[Opening Provided data section]

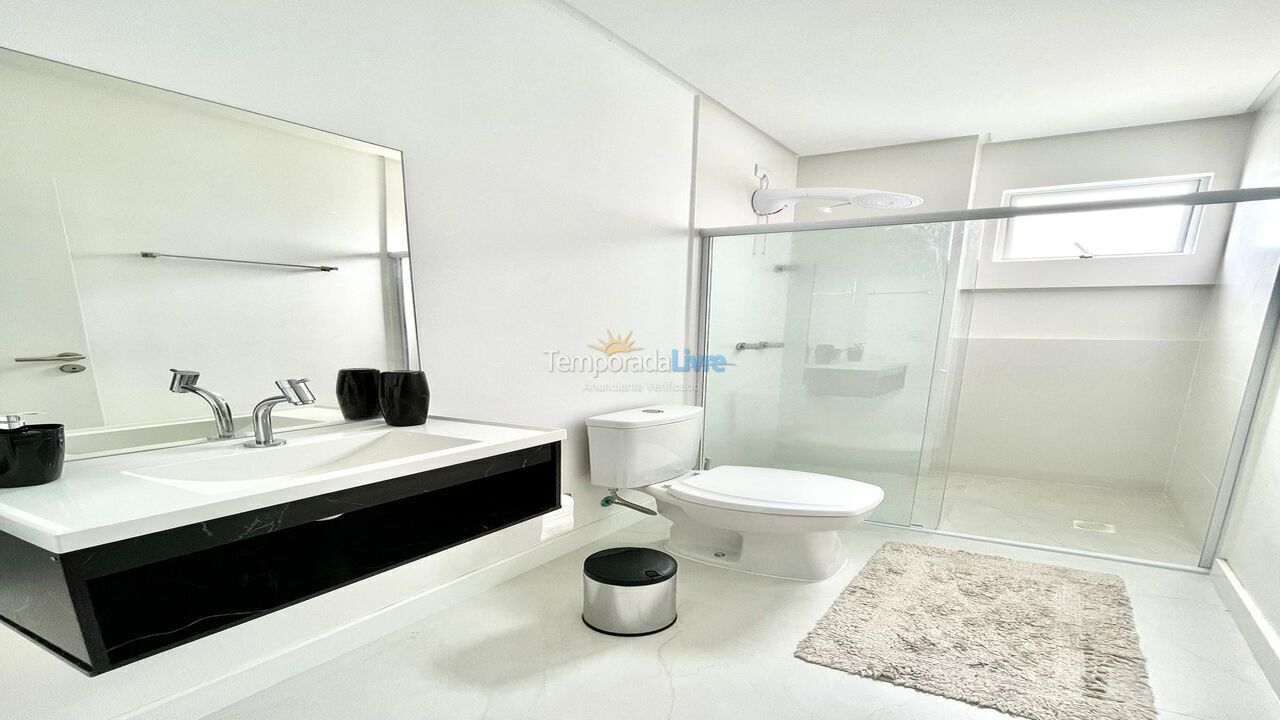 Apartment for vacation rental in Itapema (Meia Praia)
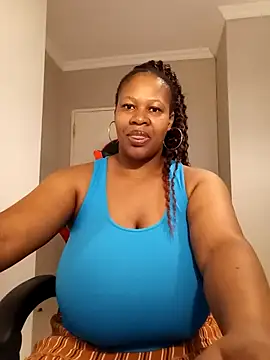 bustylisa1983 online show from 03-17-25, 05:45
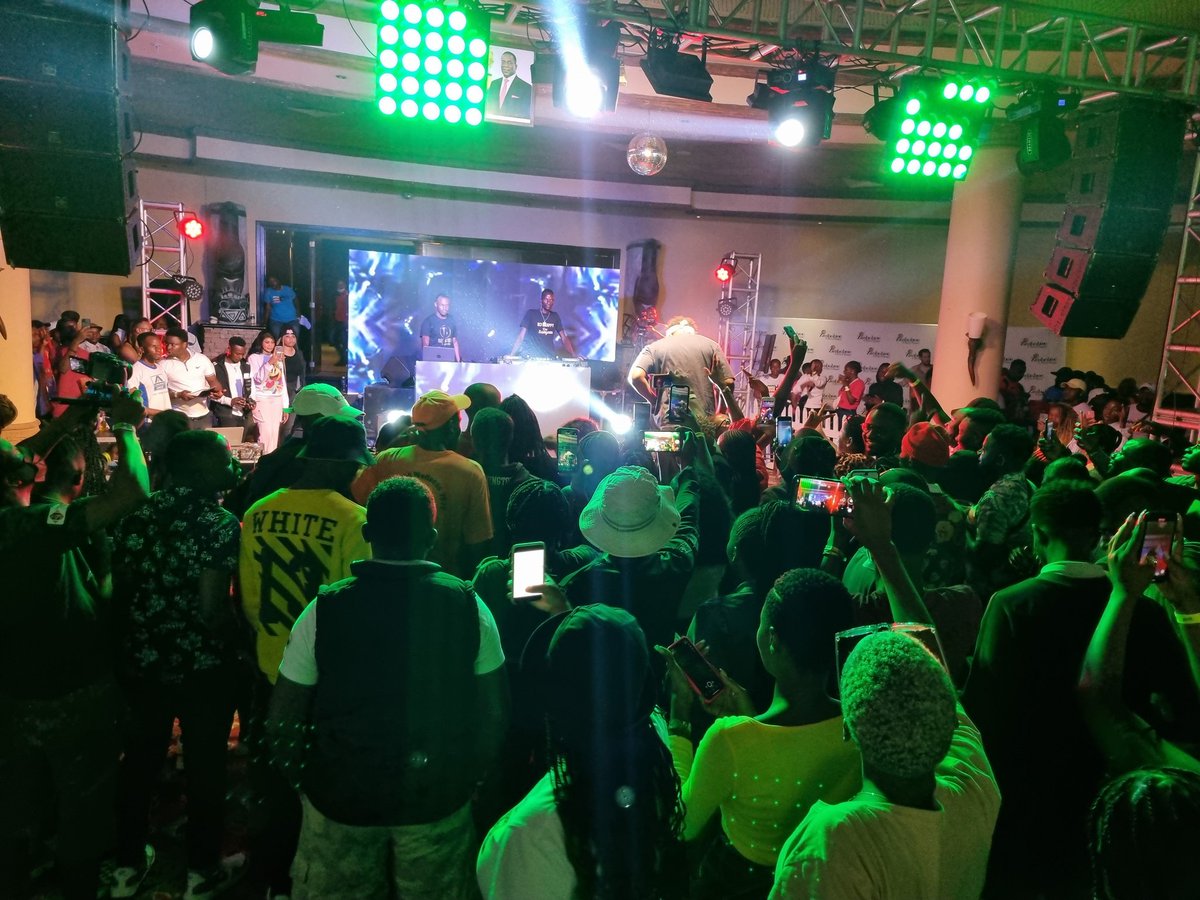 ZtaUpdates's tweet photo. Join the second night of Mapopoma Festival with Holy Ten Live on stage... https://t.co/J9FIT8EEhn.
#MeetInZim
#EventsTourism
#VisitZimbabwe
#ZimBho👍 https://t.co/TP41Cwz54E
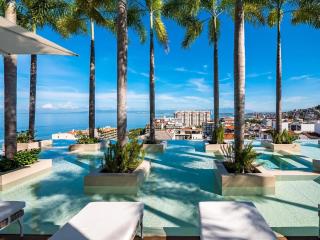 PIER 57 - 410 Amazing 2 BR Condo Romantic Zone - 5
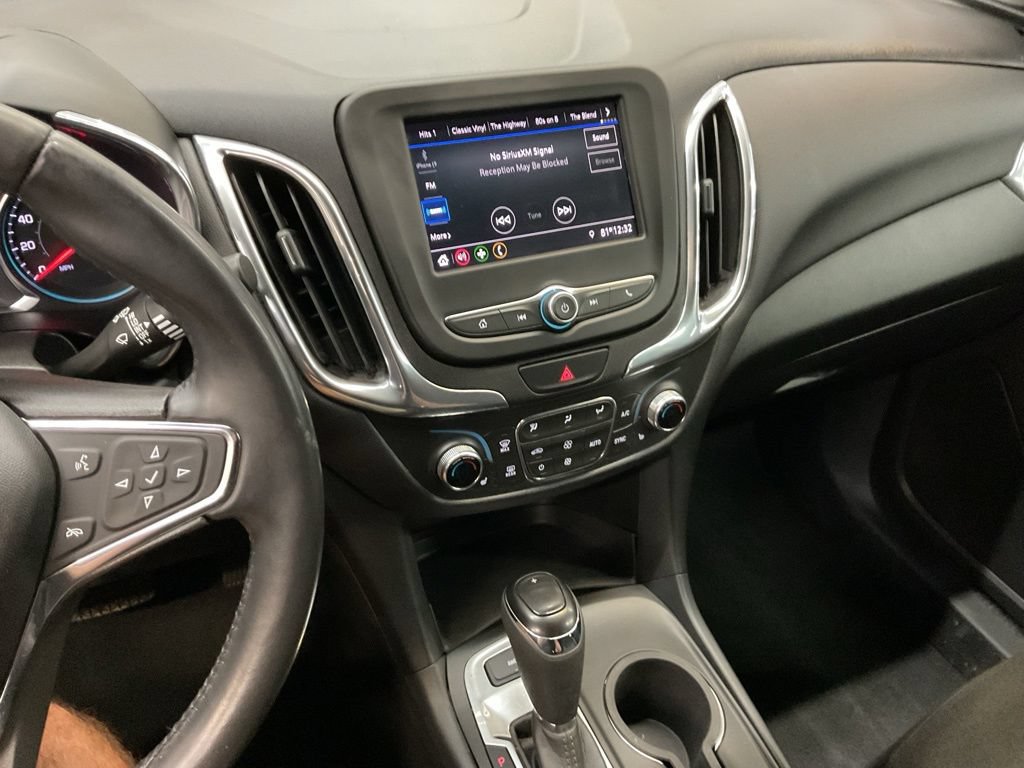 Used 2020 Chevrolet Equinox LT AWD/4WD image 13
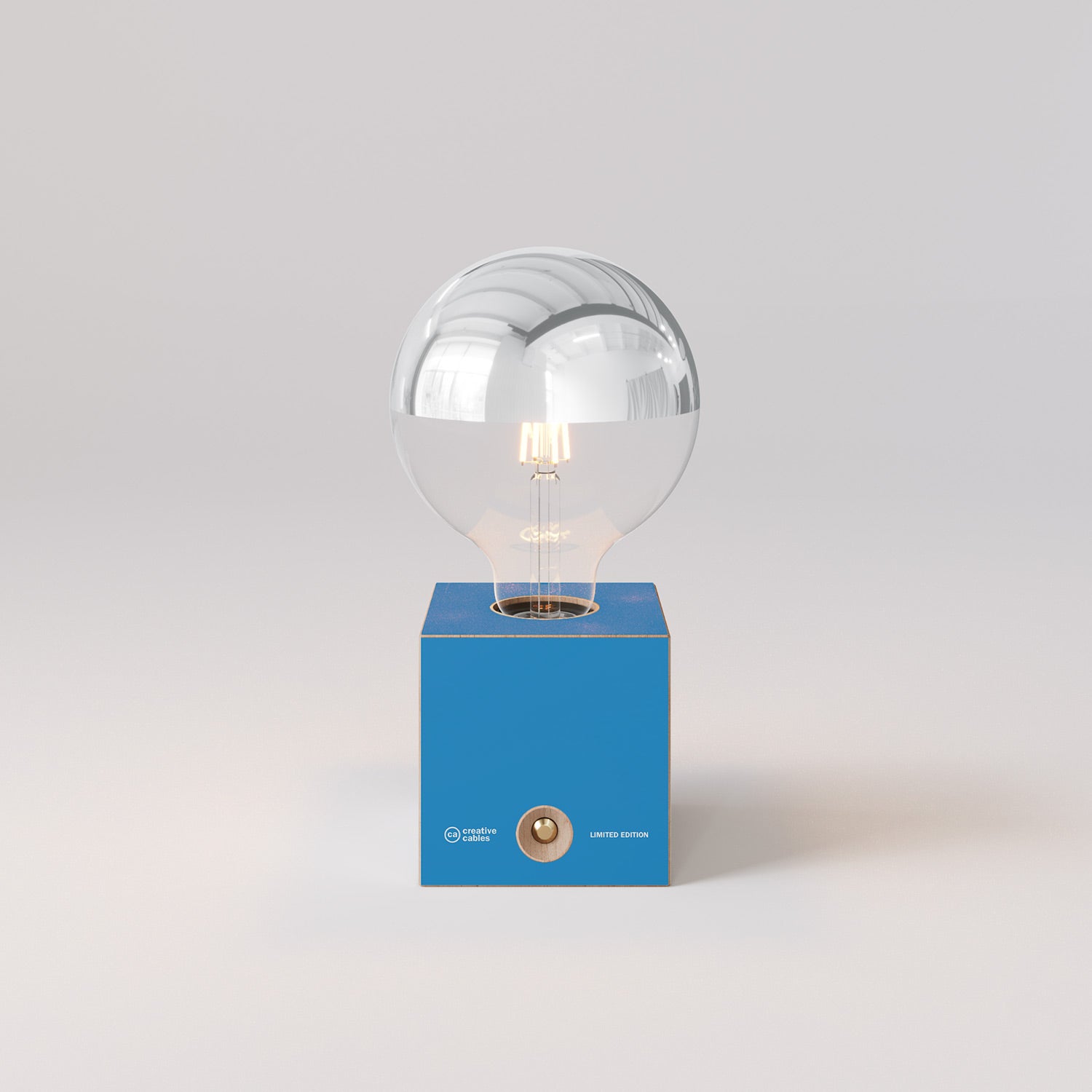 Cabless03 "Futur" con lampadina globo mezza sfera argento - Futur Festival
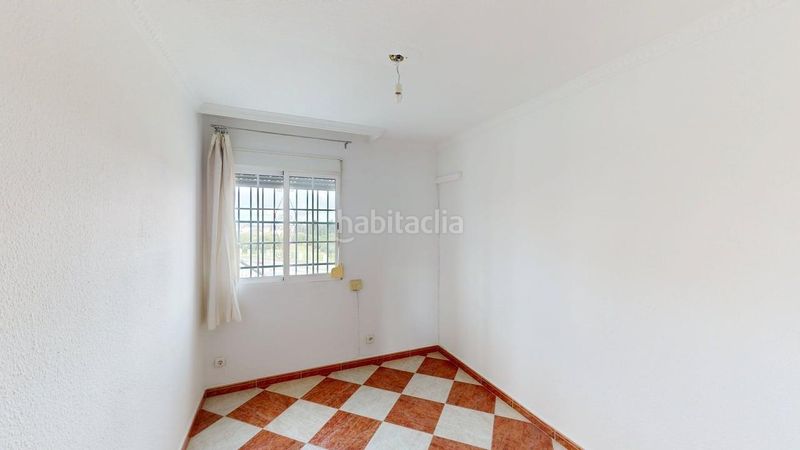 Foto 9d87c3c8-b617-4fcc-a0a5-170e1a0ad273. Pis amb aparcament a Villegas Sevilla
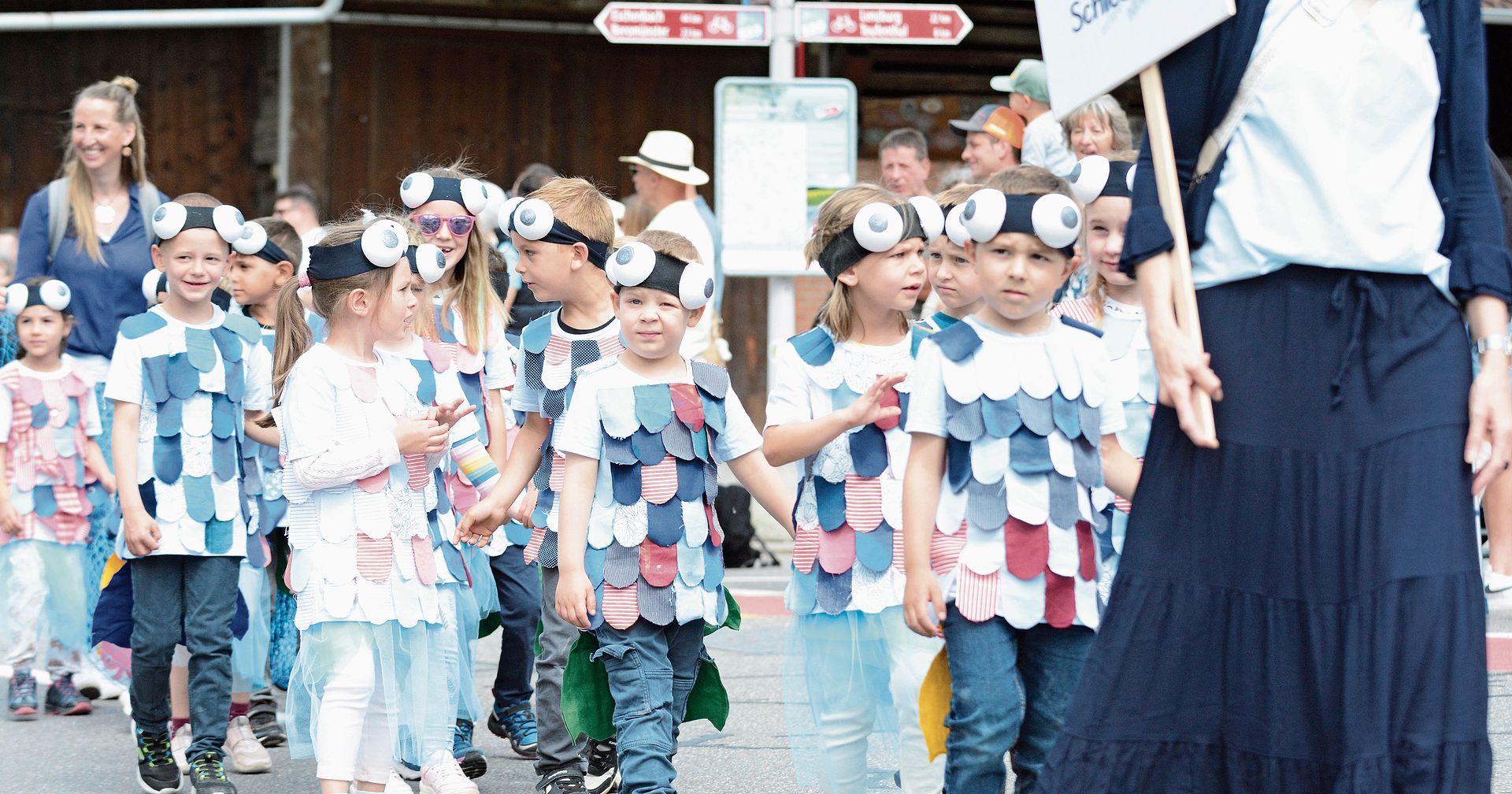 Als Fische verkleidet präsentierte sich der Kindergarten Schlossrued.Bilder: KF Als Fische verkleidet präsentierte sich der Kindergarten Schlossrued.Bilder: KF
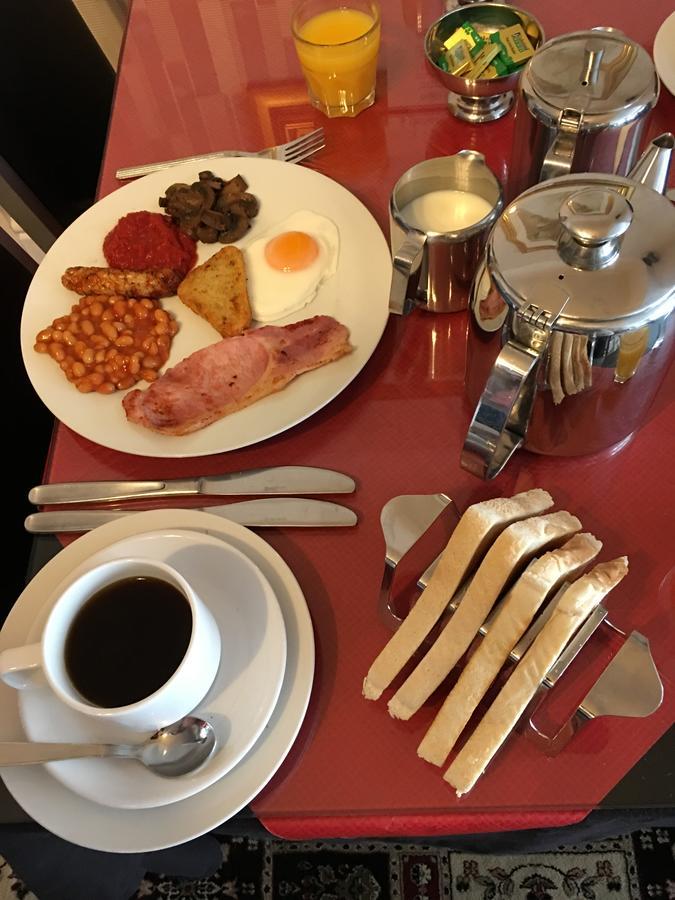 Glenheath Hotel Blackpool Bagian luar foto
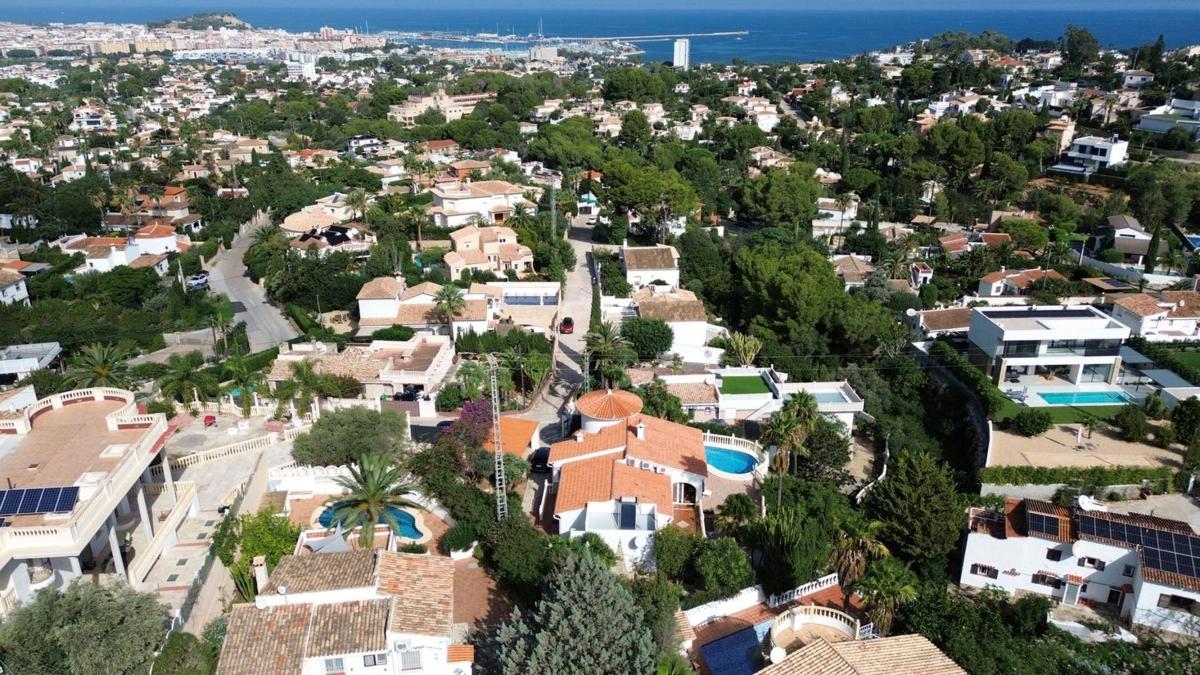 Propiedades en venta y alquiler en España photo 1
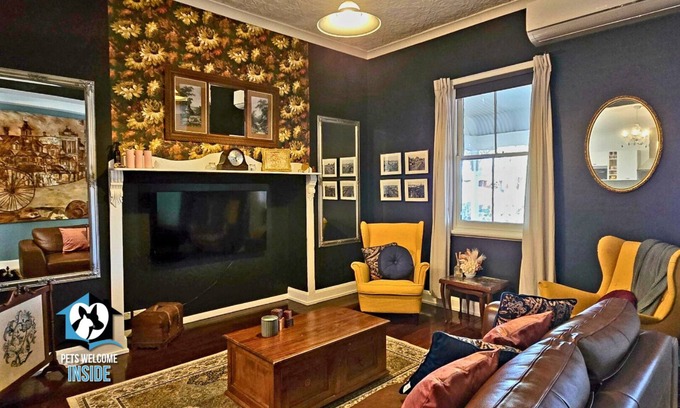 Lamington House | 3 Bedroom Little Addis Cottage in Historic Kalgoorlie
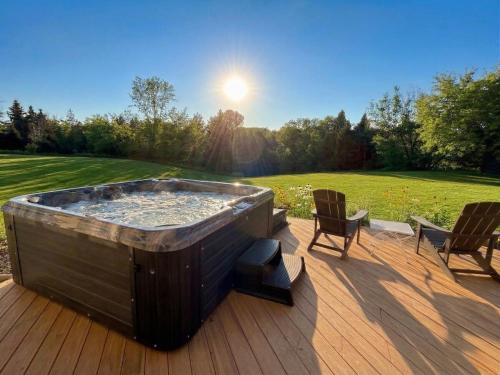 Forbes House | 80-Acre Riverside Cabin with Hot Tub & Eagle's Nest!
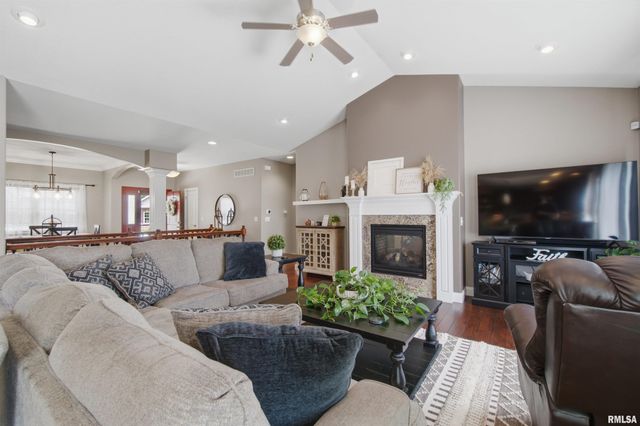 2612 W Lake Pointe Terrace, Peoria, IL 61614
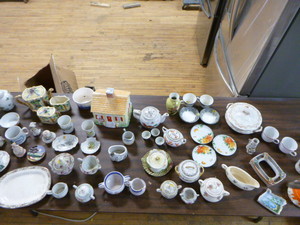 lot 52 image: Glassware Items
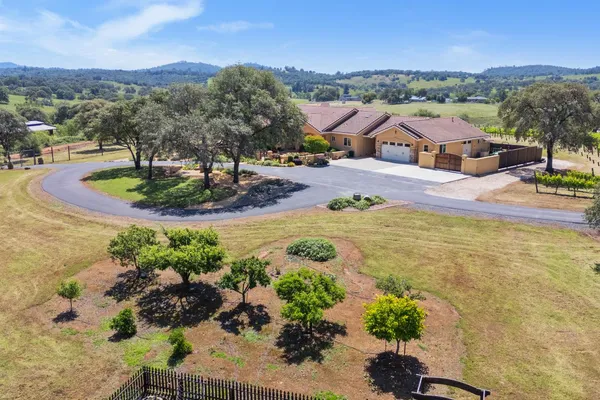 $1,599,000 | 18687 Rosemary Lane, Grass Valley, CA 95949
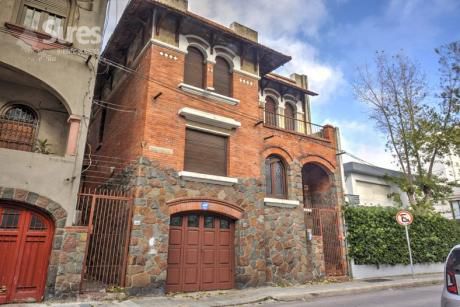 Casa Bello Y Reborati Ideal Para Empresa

[Closing Provided data section]

### Requirement
Would you copy, word for word, only the lines above from the one containing "PIER 57 - 410" through the one containing "Foto 9d87c3c8-b617-4fcc-a0a5-170e1a0ad273. Pis", both included, and please leave out the pictures?

### Solution for this exercise
 PIER 57 - 410 Amazing 2 BR Condo Romantic Zone - 5
 Used 2020 Chevrolet Equinox LT AWD/4WD image 13
 Cabless03 "Futur" con lampadina globo mezza sfera argento - Futur Festival
 Foto 9d87c3c8-b617-4fcc-a0a5-170e1a0ad273. Pis amb aparcament a Villegas Sevilla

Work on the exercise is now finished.